▸ Data items
^^^^^^^^^^^^^^^^

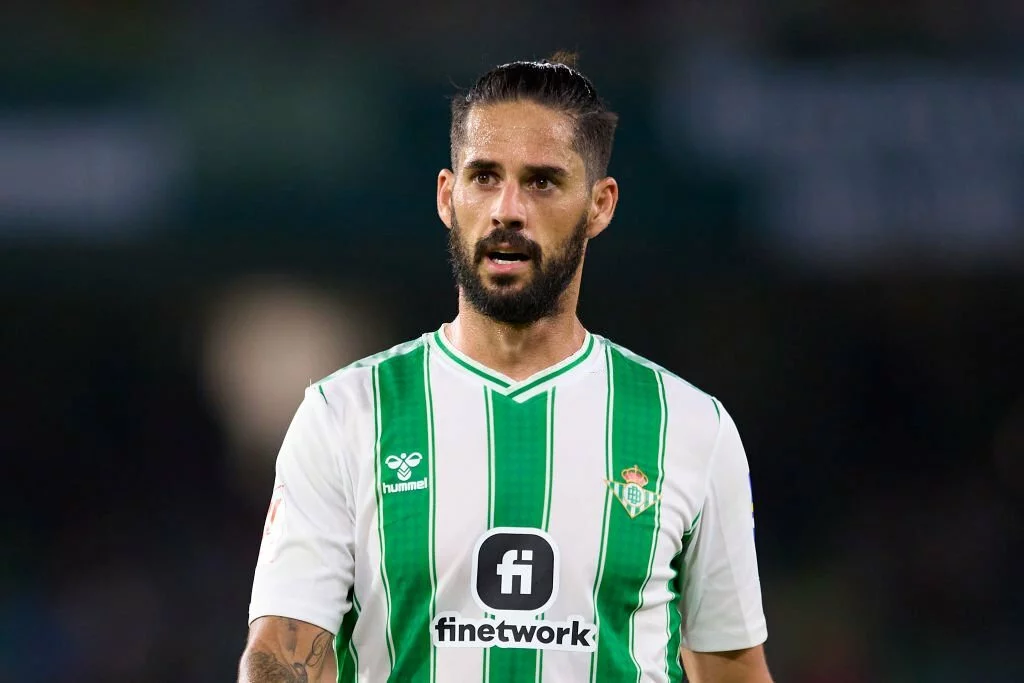Real Betis vs Sparta Praha Real Betis vs Sparta Praha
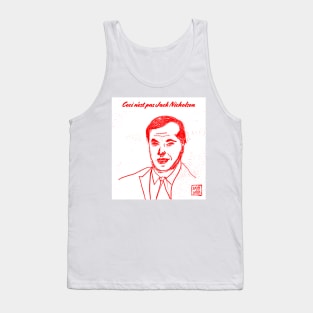 surrealism Tank Top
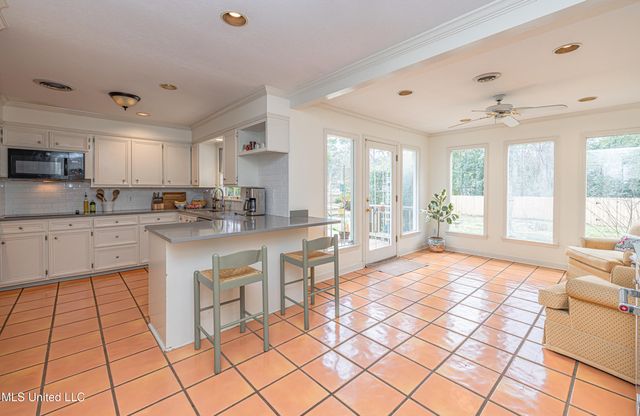 4115 Comanche Drive, Jackson, MS 39211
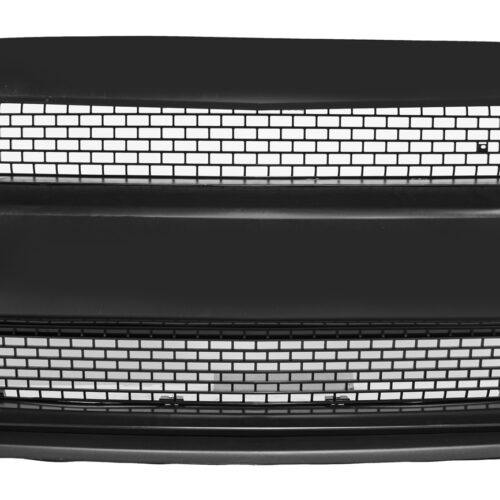 Alternative view of EOS 2015-Up Dodge Challenger SRT HellCat Front Bumper Cover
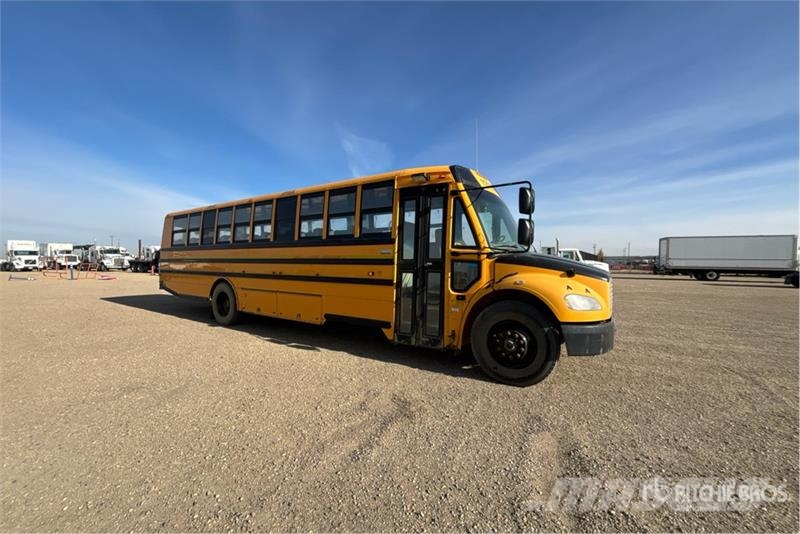 Thomas 4x2 41-Seat School Bus Mini-bus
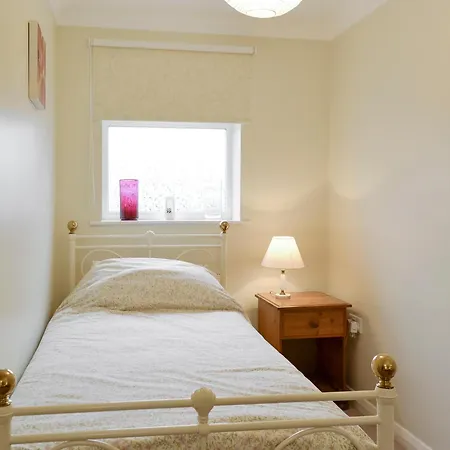 The Annexe Holiday home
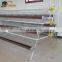 A type 96 birds layers chicken cage for Africa chicken farm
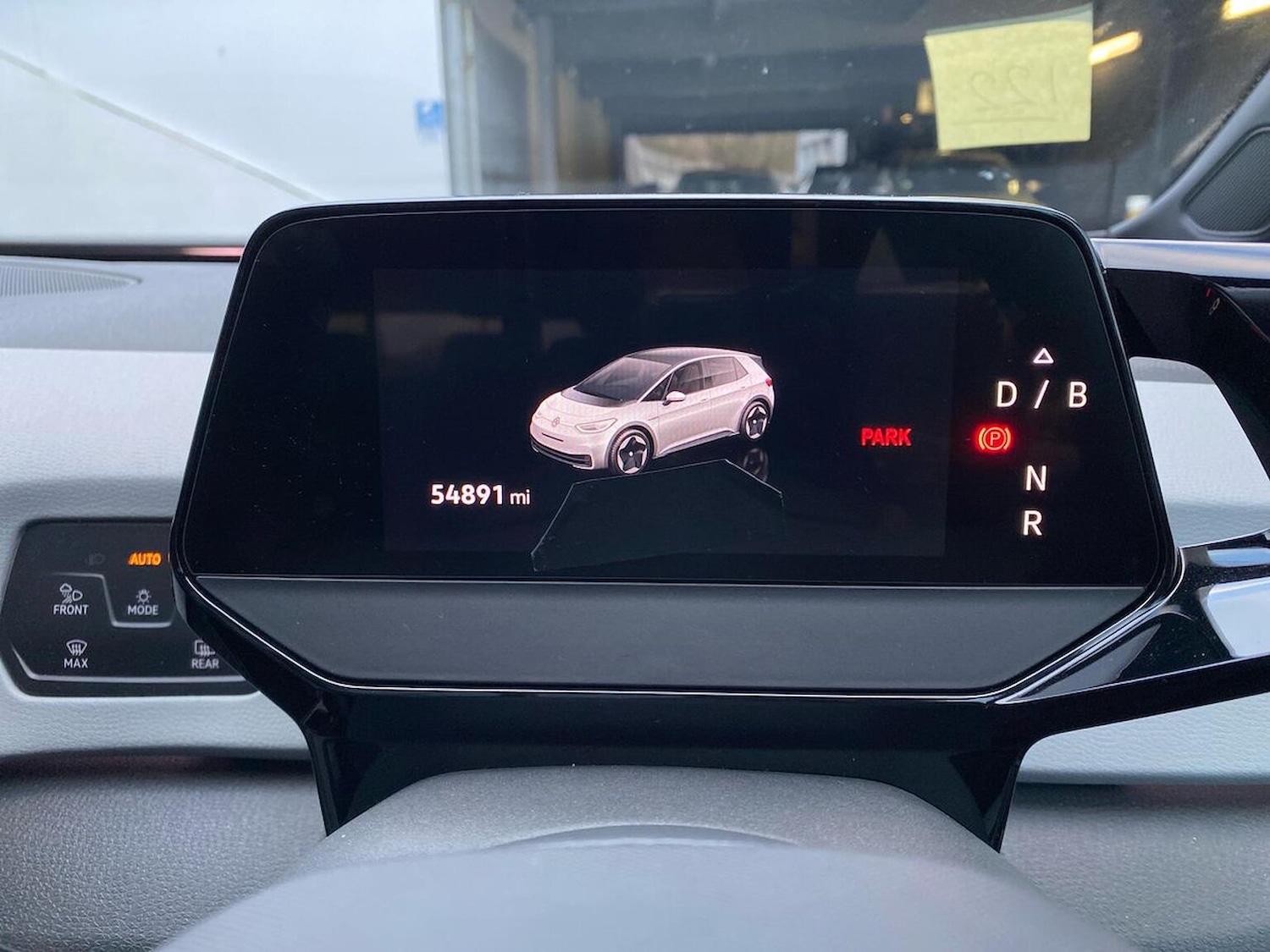 Used Volkswagen ID.3 2020 for sale - 77775144: Photo 10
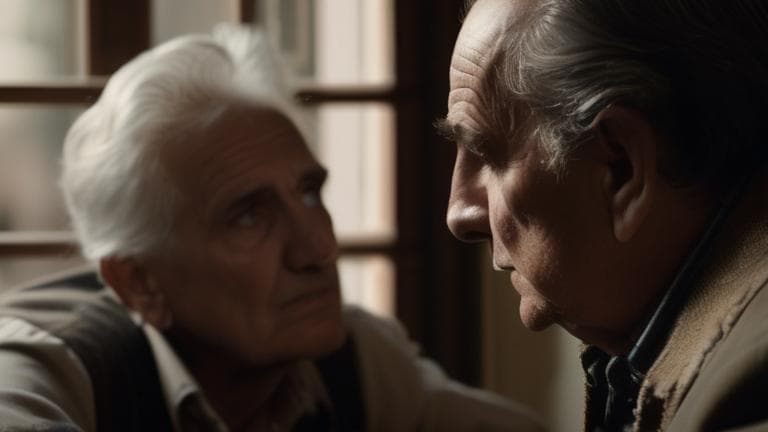 El Reloj del Abuelo: Historia real de una herencia que marca el destino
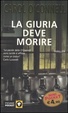 Cover of La giuria deve morire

^^^^^^^^^^^^^^^^

▸ YOUR OBJECTIVE
Only what runs from the line containing "Used Volkswagen ID.3" through the end of the entries above should be extracted, exactly and without pictures.

▸ SOLUTION TO THIS EXERCISE
 Used Volkswagen ID.3 2020 for sale - 77775144: Photo 10
 El Reloj del Abuelo: Historia real de una herencia que marca el destino
 Cover of La giuria deve morire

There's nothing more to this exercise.